** What is expected **
Everything from the first line below through the line with "Guess Vintage Jean" is to be transcribed exactly, and nothing past it.

** Dataset extract **
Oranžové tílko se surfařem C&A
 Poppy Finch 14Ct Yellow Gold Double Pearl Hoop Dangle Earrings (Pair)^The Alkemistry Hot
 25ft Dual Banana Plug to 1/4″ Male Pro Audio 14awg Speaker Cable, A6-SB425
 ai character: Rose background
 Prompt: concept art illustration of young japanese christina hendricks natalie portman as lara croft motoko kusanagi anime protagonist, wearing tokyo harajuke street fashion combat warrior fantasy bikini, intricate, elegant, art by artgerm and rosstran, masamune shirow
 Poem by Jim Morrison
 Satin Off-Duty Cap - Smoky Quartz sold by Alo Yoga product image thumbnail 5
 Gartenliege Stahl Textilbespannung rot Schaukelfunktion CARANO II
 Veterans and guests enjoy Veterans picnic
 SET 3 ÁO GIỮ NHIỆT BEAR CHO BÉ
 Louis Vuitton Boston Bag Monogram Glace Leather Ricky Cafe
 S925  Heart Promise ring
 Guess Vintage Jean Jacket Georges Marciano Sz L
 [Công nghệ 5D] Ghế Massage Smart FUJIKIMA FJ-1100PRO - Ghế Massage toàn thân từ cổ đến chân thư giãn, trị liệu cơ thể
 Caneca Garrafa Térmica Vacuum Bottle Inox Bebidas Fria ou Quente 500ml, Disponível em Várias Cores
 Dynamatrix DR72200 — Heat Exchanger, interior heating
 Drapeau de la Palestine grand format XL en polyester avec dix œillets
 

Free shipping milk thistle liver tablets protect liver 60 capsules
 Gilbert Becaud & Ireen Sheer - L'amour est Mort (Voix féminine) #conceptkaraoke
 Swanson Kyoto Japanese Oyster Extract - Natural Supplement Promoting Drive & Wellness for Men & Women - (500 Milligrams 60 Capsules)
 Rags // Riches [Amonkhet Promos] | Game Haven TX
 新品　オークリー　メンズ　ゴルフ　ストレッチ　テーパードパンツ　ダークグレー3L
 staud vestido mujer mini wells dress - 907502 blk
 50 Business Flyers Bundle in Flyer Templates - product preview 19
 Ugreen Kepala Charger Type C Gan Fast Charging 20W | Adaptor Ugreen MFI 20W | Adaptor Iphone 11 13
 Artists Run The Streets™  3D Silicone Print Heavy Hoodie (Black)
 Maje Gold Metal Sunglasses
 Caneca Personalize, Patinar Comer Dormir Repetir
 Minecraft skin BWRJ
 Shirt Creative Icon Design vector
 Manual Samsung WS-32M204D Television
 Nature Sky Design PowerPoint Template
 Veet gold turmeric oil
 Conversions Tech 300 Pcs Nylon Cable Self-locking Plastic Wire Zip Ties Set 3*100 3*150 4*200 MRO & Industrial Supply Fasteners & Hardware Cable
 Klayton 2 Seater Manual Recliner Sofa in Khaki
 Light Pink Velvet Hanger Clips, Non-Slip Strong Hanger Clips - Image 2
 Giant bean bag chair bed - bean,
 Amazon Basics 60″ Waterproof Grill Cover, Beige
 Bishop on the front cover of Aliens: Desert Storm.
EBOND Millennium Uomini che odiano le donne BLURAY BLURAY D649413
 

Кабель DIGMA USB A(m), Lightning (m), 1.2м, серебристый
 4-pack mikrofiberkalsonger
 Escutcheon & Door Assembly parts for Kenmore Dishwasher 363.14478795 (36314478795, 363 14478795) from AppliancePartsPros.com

** Your solution **
Oranžové tílko se surfařem C&A
 Poppy Finch 14Ct Yellow Gold Double Pearl Hoop Dangle Earrings (Pair)^The Alkemistry Hot
 25ft Dual Banana Plug to 1/4″ Male Pro Audio 14awg Speaker Cable, A6-SB425
 ai character: Rose background
 Prompt: concept art illustration of young japanese christina hendricks natalie portman as lara croft motoko kusanagi anime protagonist, wearing tokyo harajuke street fashion combat warrior fantasy bikini, intricate, elegant, art by artgerm and rosstran, masamune shirow
 Poem by Jim Morrison
 Satin Off-Duty Cap - Smoky Quartz sold by Alo Yoga product image thumbnail 5
 Gartenliege Stahl Textilbespannung rot Schaukelfunktion CARANO II
 Veterans and guests enjoy Veterans picnic
 SET 3 ÁO GIỮ NHIỆT BEAR CHO BÉ
 Louis Vuitton Boston Bag Monogram Glace Leather Ricky Cafe
 S925  Heart Promise ring
 Guess Vintage Jean Jacket Georges Marciano Sz L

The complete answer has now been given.